──────── Extracted records ────────

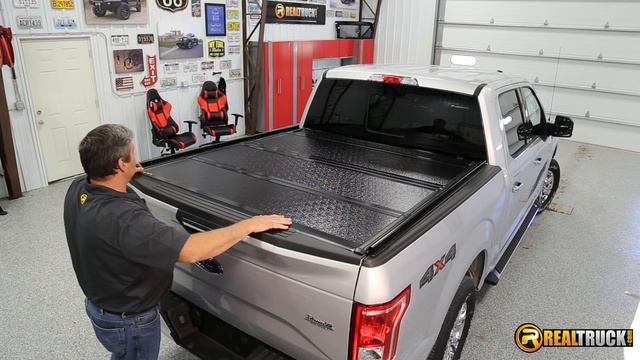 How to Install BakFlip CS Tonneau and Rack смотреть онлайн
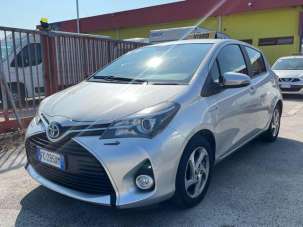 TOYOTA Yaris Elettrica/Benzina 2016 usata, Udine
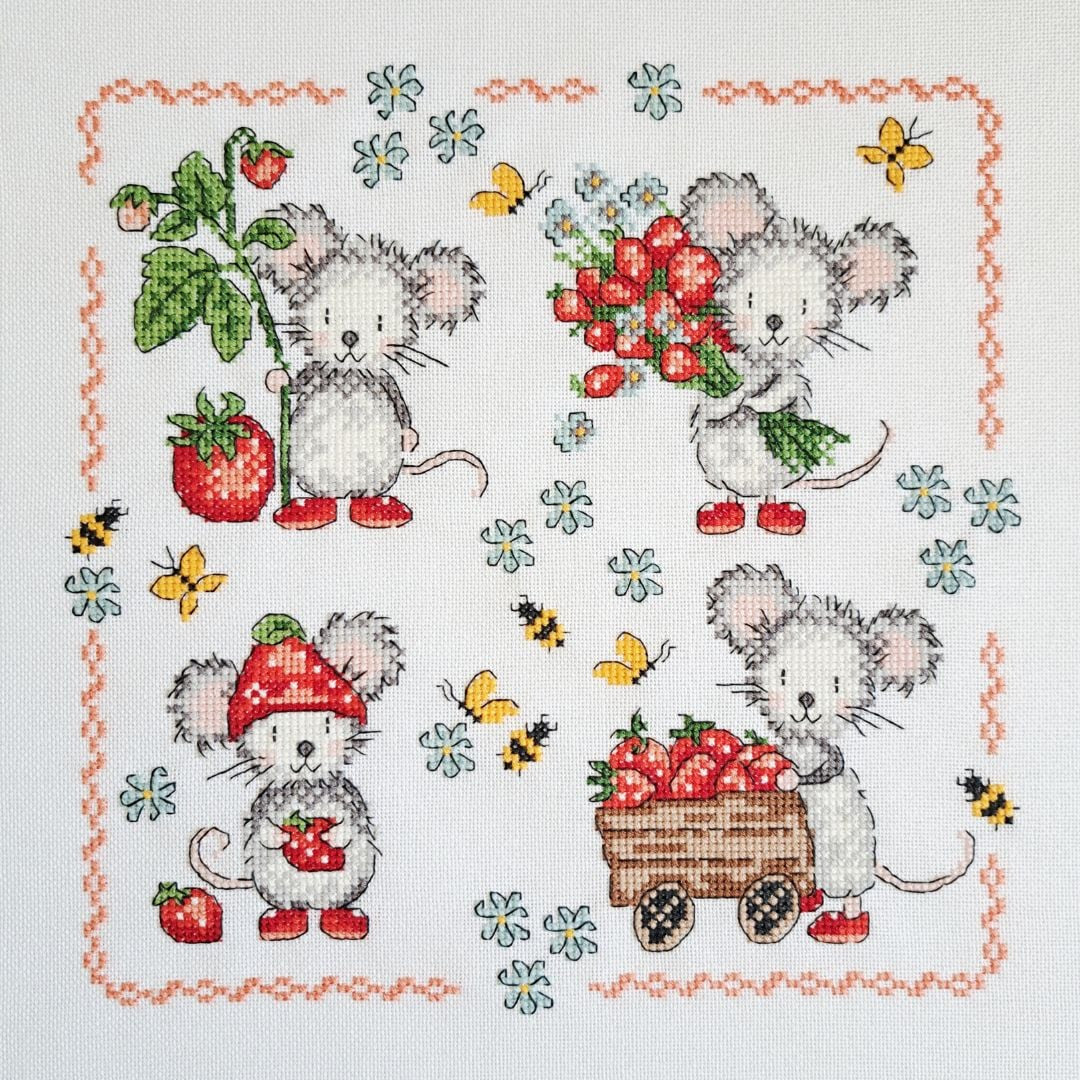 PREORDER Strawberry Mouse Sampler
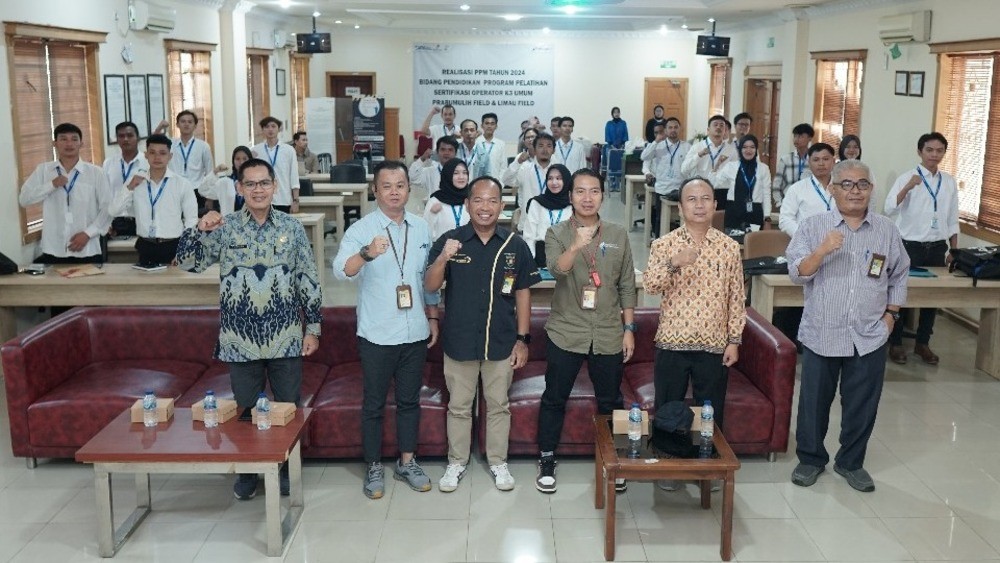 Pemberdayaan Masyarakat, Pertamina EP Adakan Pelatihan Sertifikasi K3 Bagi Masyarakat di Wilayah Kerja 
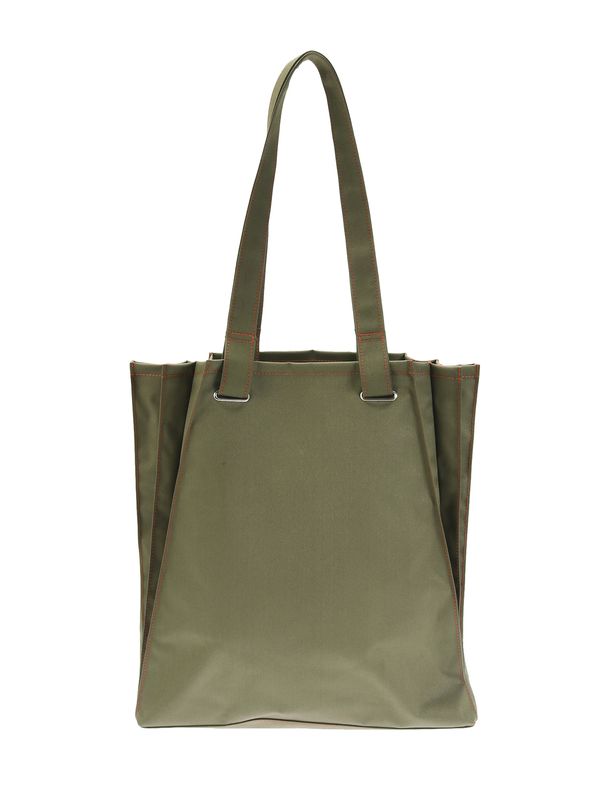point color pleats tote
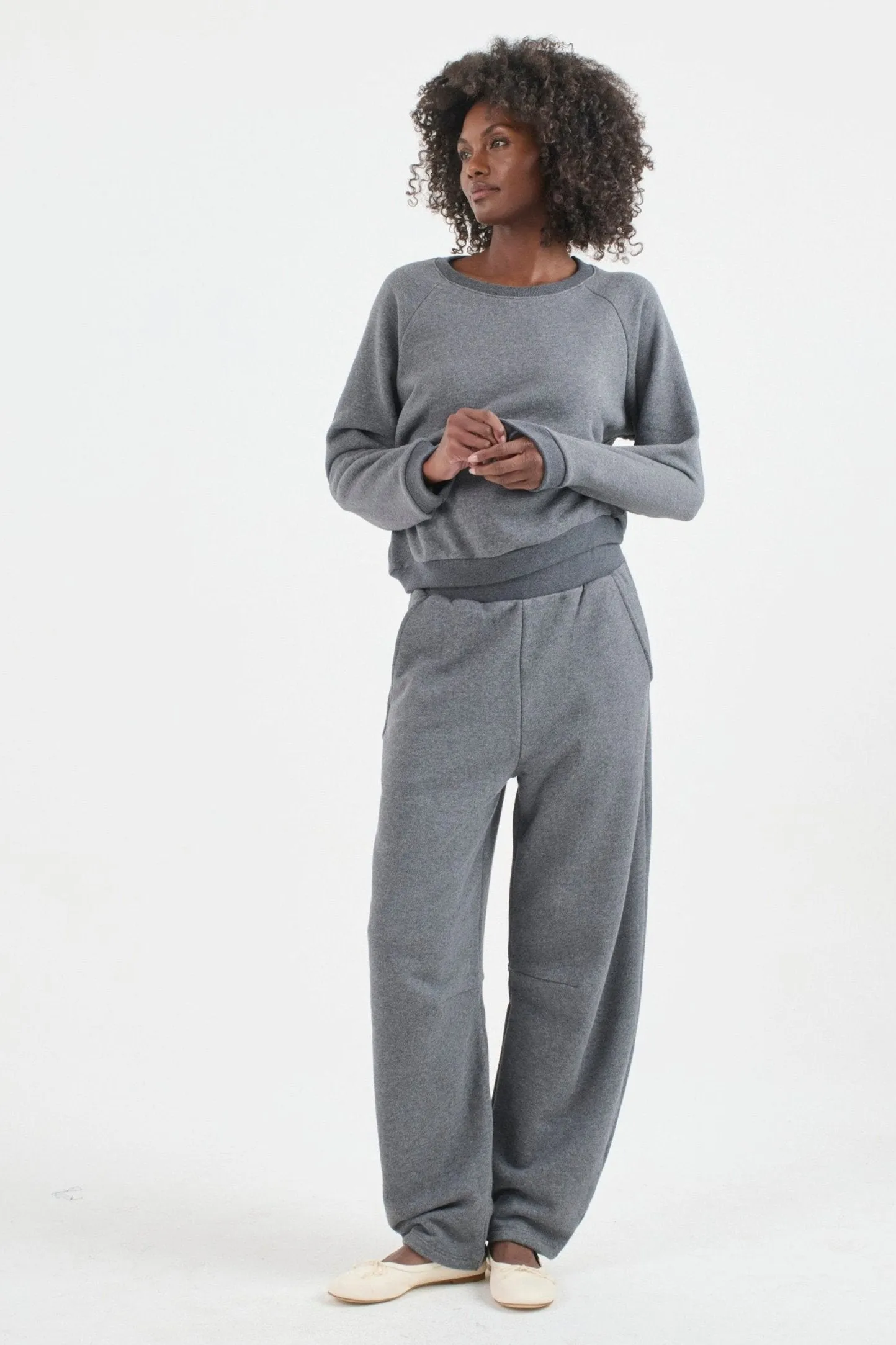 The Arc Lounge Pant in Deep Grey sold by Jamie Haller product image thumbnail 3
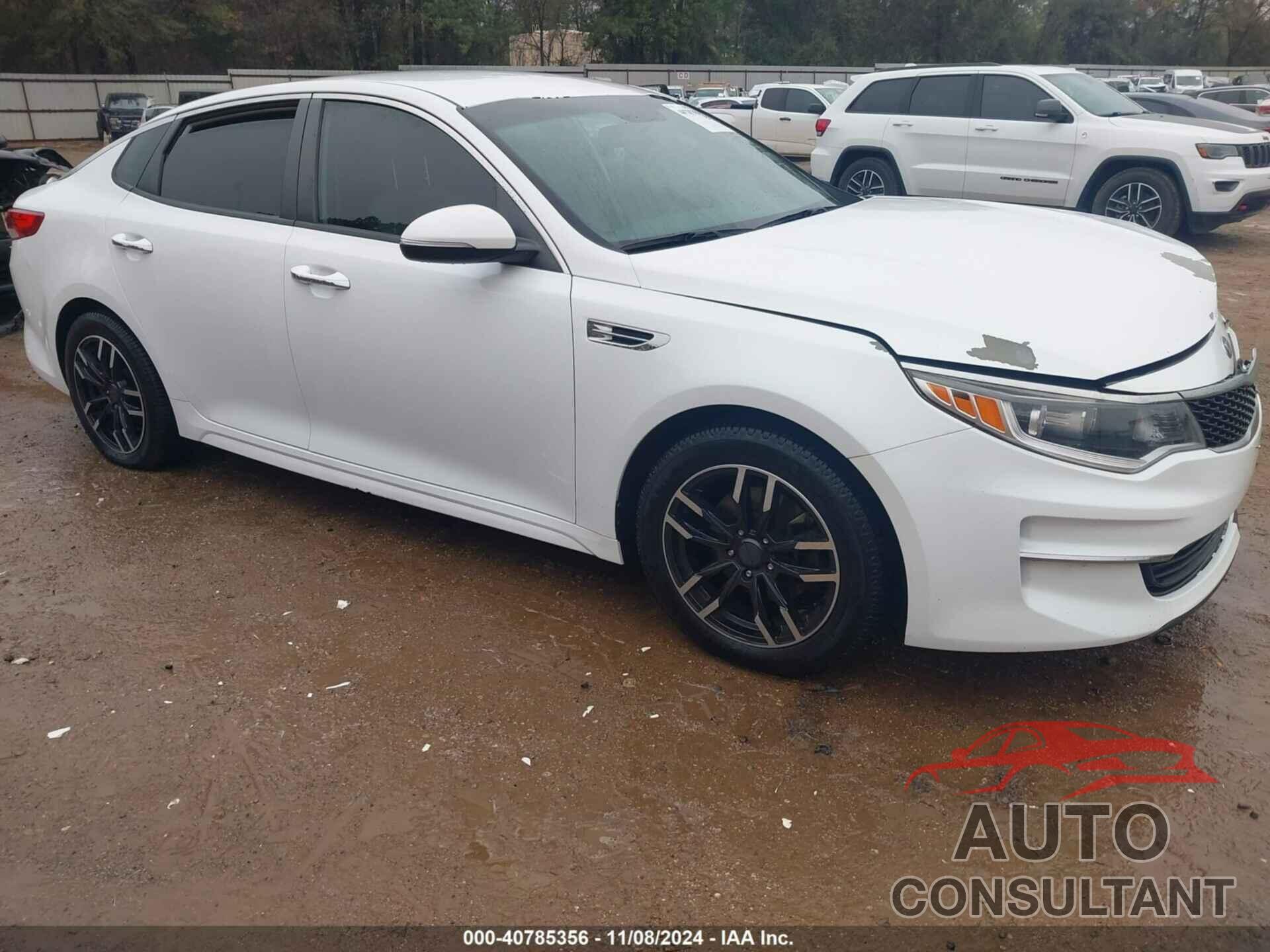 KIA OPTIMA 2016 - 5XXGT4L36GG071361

────────

Work order
The copy must start at the line containing "Pemberdayaan Masyarakat, Pertamina" and end at the last line of the data, matching each line exactly. It must hold no pictures.

Written solution
 Pemberdayaan Masyarakat, Pertamina EP Adakan Pelatihan Sertifikasi K3 Bagi Masyarakat di Wilayah Kerja 
point color pleats tote
 The Arc Lounge Pant in Deep Grey sold by Jamie Haller product image thumbnail 3
 KIA OPTIMA 2016 - 5XXGT4L36GG071361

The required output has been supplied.